> _Your objective_
All that is needed is the lines from the one containing "Snapshot of rita_orra" through the end of the listing, printed exactly, with no pictures among them.

> _Given information_
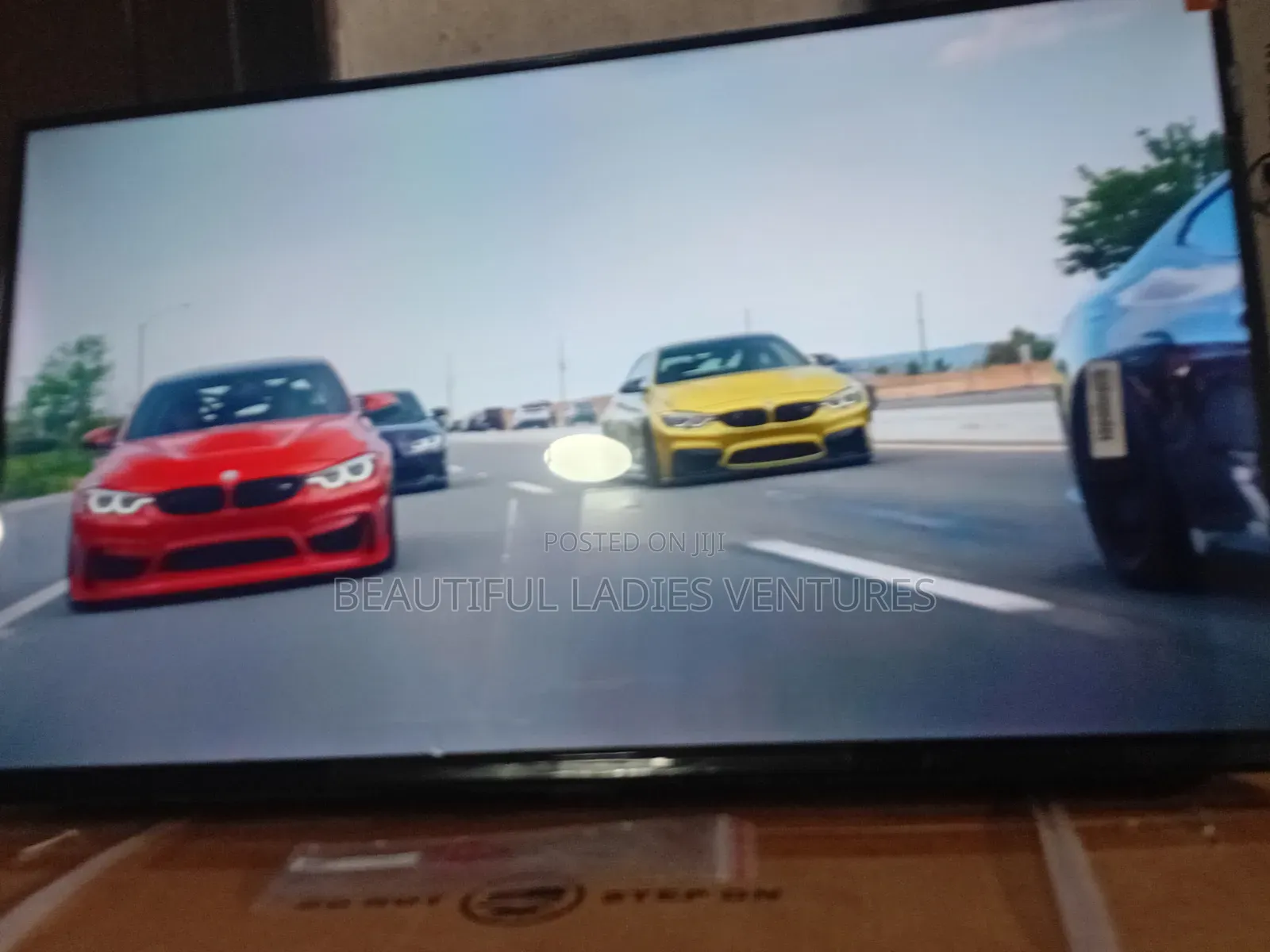 TCL 32” Compact Television for Small Spaces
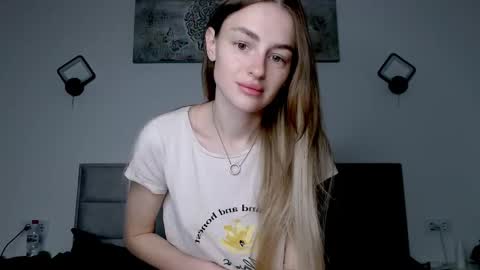 Snapshot of rita_orra chatting on October 26, 2025, 8:31 am Rita online show from October 26, 2025, 8:31 am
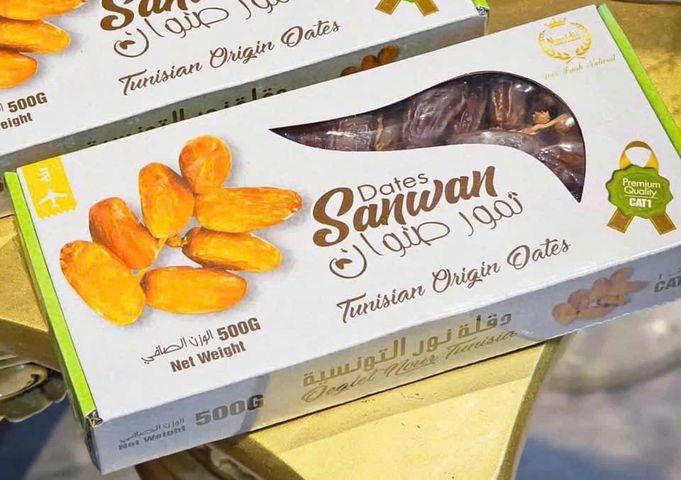 Chà Là Nguyên Cành Sanwan 500g (Xanh Lá) – Bổ dưỡng, Ngọt tự nhiên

> _Answer area_
 Snapshot of rita_orra chatting on October 26, 2025, 8:31 am Rita online show from October 26, 2025, 8:31 am
 Chà Là Nguyên Cành Sanwan 500g (Xanh Lá) – Bổ dưỡng, Ngọt tự nhiên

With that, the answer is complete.